Some points of it yes but hes basing a lot of it on assumptions when we (and I keep having to say this) do NOT know the official specs yet. There are rumours. We know roughly what the GPU is, but not the CPU. We don't officially know what the console does and doesn't do when it's docked or undocked.
And hes looking into the "but all this to play on a tiny screen" - what about playing it on a big screen when its docked? Missed that part
And the fact that if you then need to leave to travel...you can take it with you. The feat is that it isn't portable games for a portable console. It's full blown games you can play anywhere, that is the feat.
From a technical pespective in terms of Skyrim specifically, his points with regards to architecture and DX usage are very valid. But its friggin SKYRIM in your pocket!
I missed the part about playing it on a big screen while docked? Really? So you've got a version at home already on your pc or console, which you can already hook up to your tv. Except you can play it with high quality textures and high settings. The Switch will be upscaling low quality textures with dismal bandwidth and limited storage and memory capacity onto a big screen to provide worse frame rate and way worse quality. Playing a 6 year old game in much worse quality than you can already play that game at home, I didn't forget about it, it's just worthless.
Full blown games you can play anywhere? Or full blow 6 year old games that worked on 9 year old technology that you can play in worse quality, worse resolution and worse frame rate but on the go... wooo.
Skyrim was technologically way behind the times when it launched, DX9, dodgy 60fps cap, dodgy physics. It looked good but not great, it was still a great game but it wasn't pushing any boundaries in 2011.
As for assumptions, power and the reality of mobile devices limit what the X2 chip can be. There is no chip in the dock, the only thing you might get is increased cooling and less throttling, but the game still has to work while mobile, it still has to fit on the device and it still has to work within the bandwidth limits of a mobile chip. It's not an assumption but a fact to say it won't have the highest texture settings, it won't have great resolution, the dock isn't going to improve performance by more than 20% and it doesn't really matter because off battery while mobile is how the game will be targeted. If it's not playable while mobile then it's worthless, so if they aim for 30fps mobile at 720p and reduce settings to achieve that, you'll get 40fps maybe while docked... but nothing else will change.
low quality settings at 720p then upscaled for your 1080p tv, when you can just take any old pc using ultra settings and play in 4k with good frame rate... wooo.

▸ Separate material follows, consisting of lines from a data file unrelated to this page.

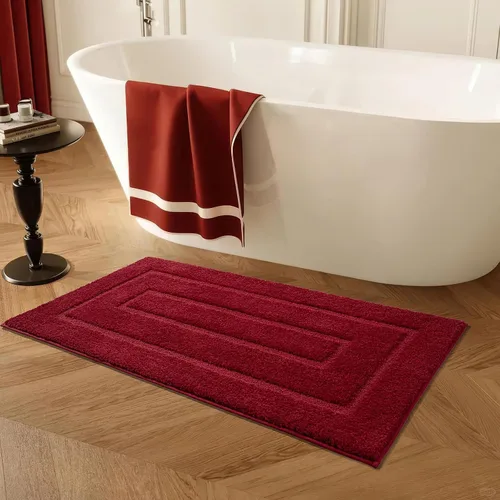 Vista 35 de HOMORE Alfombra de baño negra de 24 x 17 pulgadas, suave y absorbente, alfombra de baño pequeña, alfombra de baño lavable antideslizante para bañera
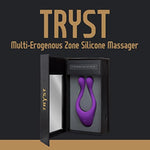 Doc Johnson TRYST - Multi Erogenous Zone Silicone Vibrator and C-Ring - Focused Stimulation For Both Partners - Synergistic Vibrations - Purple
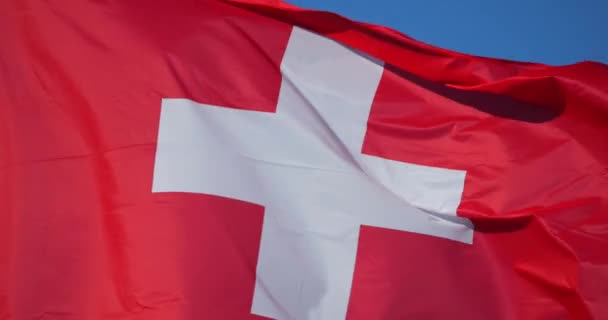 Svájc Integetett Szél Zászlaja — Stock videók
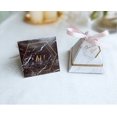 thumbnail image 4 of Colias Wing 50 pcs Lovely Golden Pineapple Leaves Pattern Pyramid Shape Stylish Design Wedding Birthday Party Favor Candy Boxes with Ribbon (Marble, 50 pcs), 4 of 4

Handhelds always had full blown games, what they didn't have was full blown current games that run on modern hardware, and the Switch still won't, Skyrim is an example of getting a very old and out of date game running on a handheld, which frankly is nothing particularly new or exciting.
Put GTA 6 on Switch, Scorpio, PS4 pro and PC at the same time and you're talking, but if Scorpio, Pro and PC get GTA 6 and Switch gets GTA 4..... it's not the same.